##### GIVEN ENTRIES #####

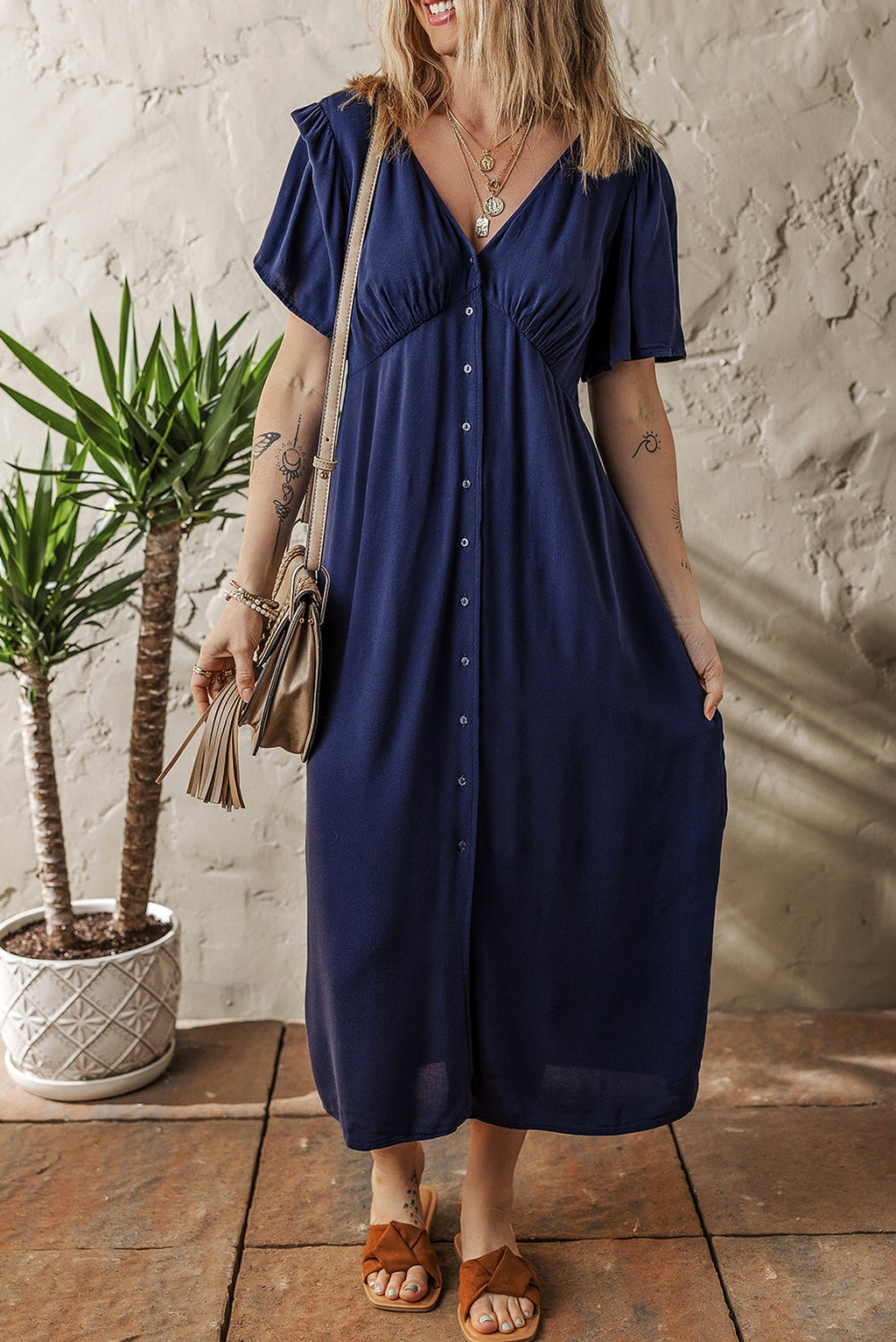 Navy Blue V Neck Buttoned Front Shirred Back Short Sleeve Midi Dress - enhanced image 3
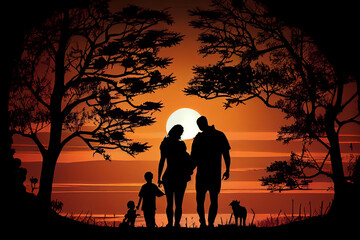 Silhouettes of a young family with children. AI generated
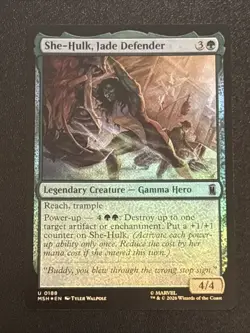 MTG Marvel Super Heroes She-Hulk, Jade Defender Foil 0188 - Image 1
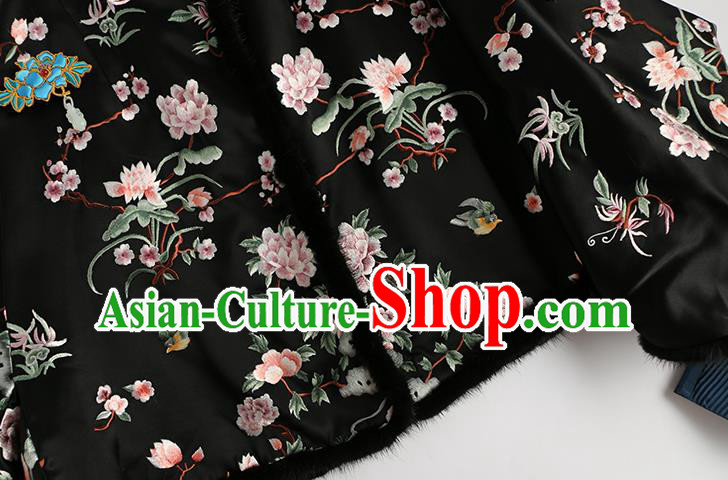 Chinese Tang Suit Embroidered Orchid Black Cotton Padded Jacket Women Outer Garment Traditional National Costume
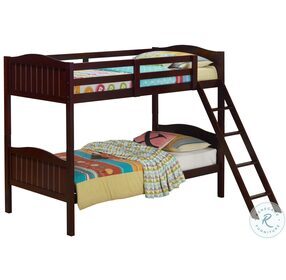 Littleton Espresso Slatted Twin Over Twin Bunk Bed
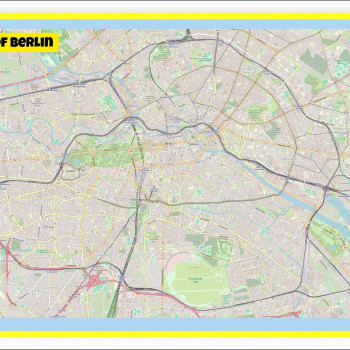 Map of Berlin with Neighborhoods, Streets, Roads, Highways and Parks - Laminated Wall Map Poster Print - Vivid Imagery with Bright Colors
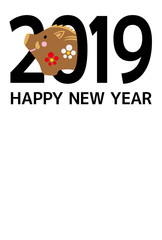 2019年亥年年賀状テンプレート白背景縦位置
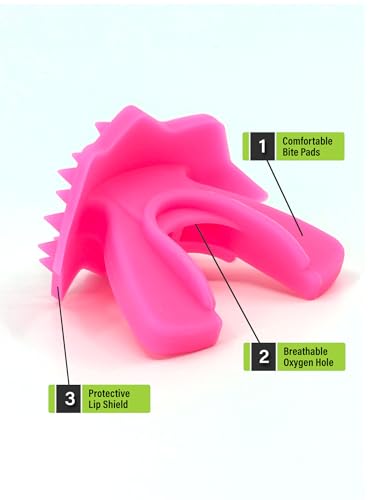 Loudmouth Football Mouth Guard - 3D SpikeSurge Football Mouthpiece with Strap, Fits Adult & Youth, Mouth Guard Football Accessories (Fluorescent Pink) - color: Fluorescent Pink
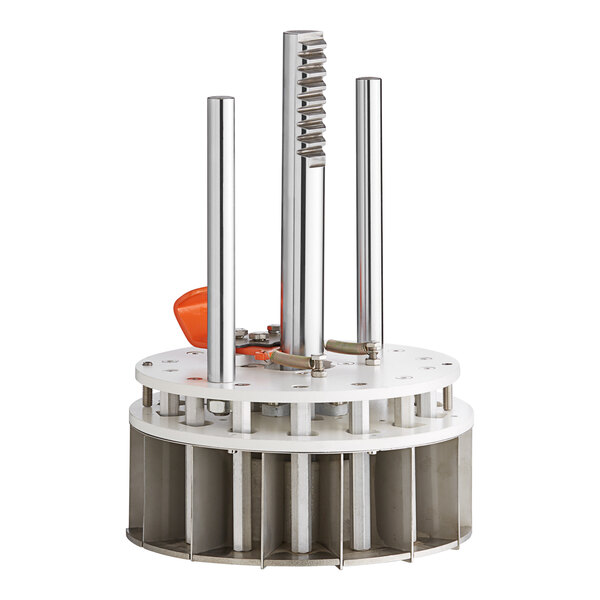 A white circular Estella dividing head with metal rods.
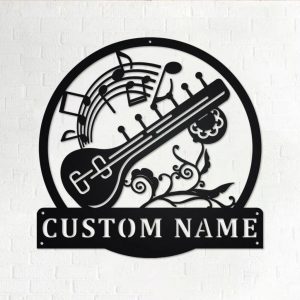 Sitar Musical Instrument Metal Art Personalized Metal Name Sign Music Room Decor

#####

→ ABOUT THIS TASK
In repeating the lines above, keep the wording exact and leave every picture out.

→ SOLUTION TO THIS EXERCISE
 Navy Blue V Neck Buttoned Front Shirred Back Short Sleeve Midi Dress - enhanced image 3
 Silhouettes of a young family with children. AI generated
 MTG Marvel Super Heroes She-Hulk, Jade Defender Foil 0188 - Image 1
 Chinese Tang Suit Embroidered Orchid Black Cotton Padded Jacket Women Outer Garment Traditional National Costume
 Littleton Espresso Slatted Twin Over Twin Bunk Bed
 Map of Berlin with Neighborhoods, Streets, Roads, Highways and Parks - Laminated Wall Map Poster Print - Vivid Imagery with Bright Colors
 2019年亥年年賀状テンプレート白背景縦位置
 Loudmouth Football Mouth Guard - 3D SpikeSurge Football Mouthpiece with Strap, Fits Adult & Youth, Mouth Guard Football Accessories (Fluorescent Pink) - color: Fluorescent Pink
 A white circular Estella dividing head with metal rods.
 Sitar Musical Instrument Metal Art Personalized Metal Name Sign Music Room Decor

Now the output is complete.